> **How to complete this task**:
Below are some records. Set down exactly the line holding "1944 Germany Ww2" and every later line through the end, omitting the pictures.

> **Record set**:

################

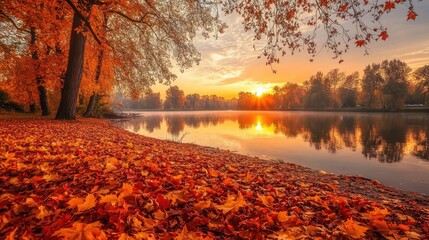 Wall Mural - a serene autumn landscape with golden and red leaves covering the ground, a calm river reflecting th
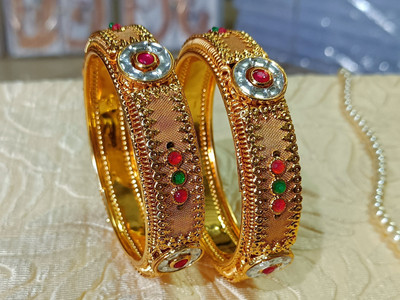 khetlazee Alloy Gold-plated Bangle Set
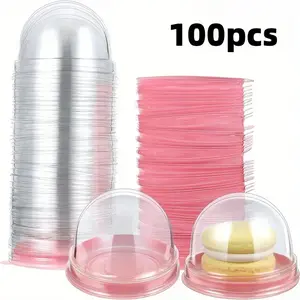 100pcs set Dome Cake Box, Pink Base, Transparent Mini Cake Container with Dome Lid, Suitable for Muffins, Cupcakes, Mooncake Dessert Packaging(2.75 x 2.75 x 2 inch)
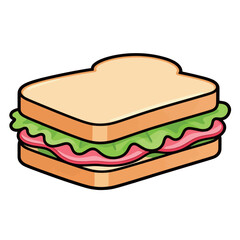A clean and simple cartoon vector illustration of a classic sandwich with bread, lettuce, and ham, perfect for food, lunch, and snack concepts.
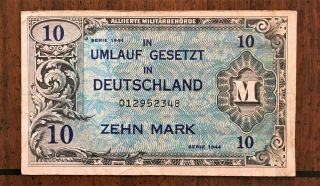 1944 Germany Ww2 Allied Military Currency 10 Marks Pick 194b,  Extra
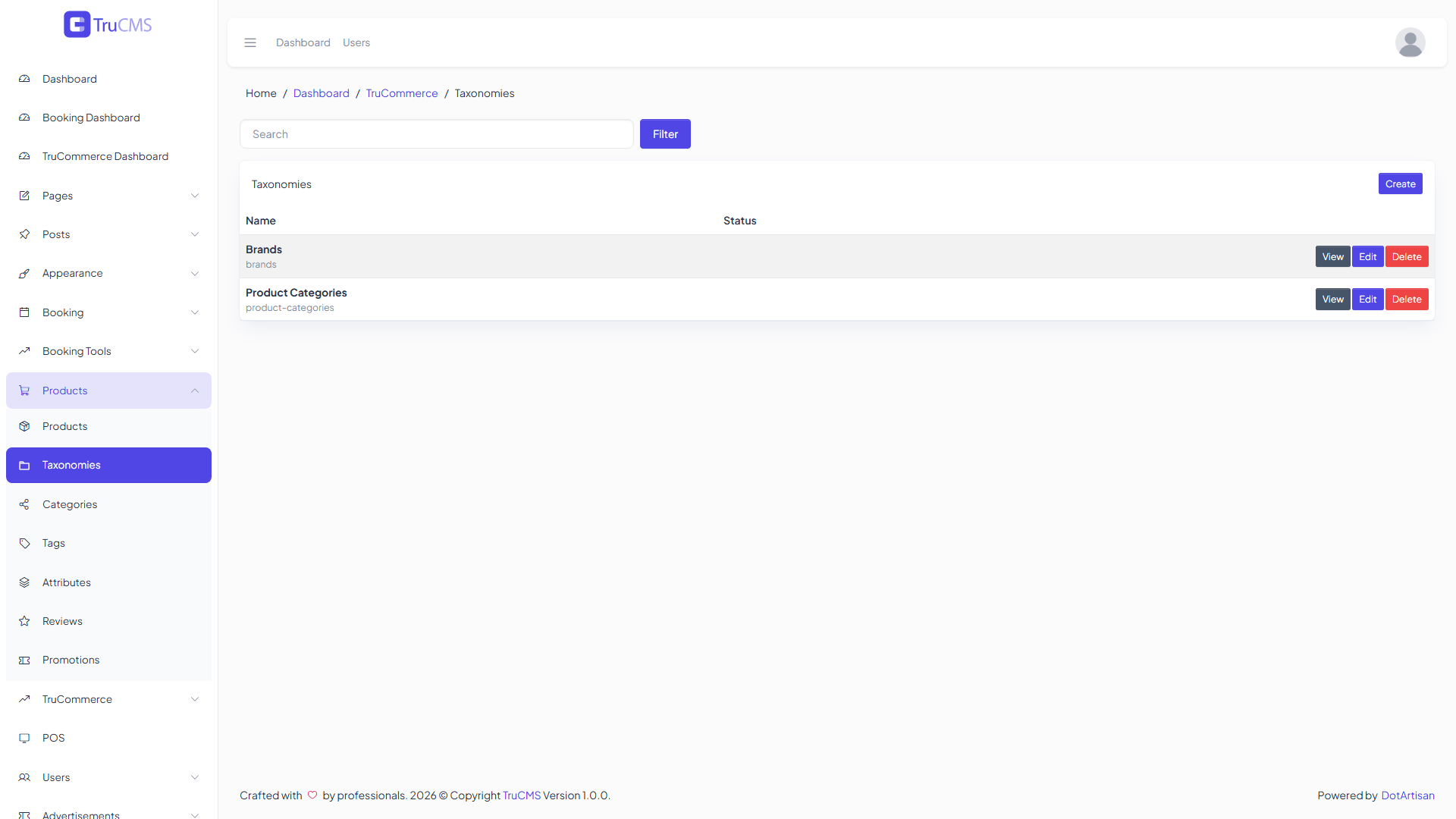 TruCommerce taxonomies management screen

################

> **Worked solution**:
 1944 Germany Ww2 Allied Military Currency 10 Marks Pick 194b,  Extra
 TruCommerce taxonomies management screen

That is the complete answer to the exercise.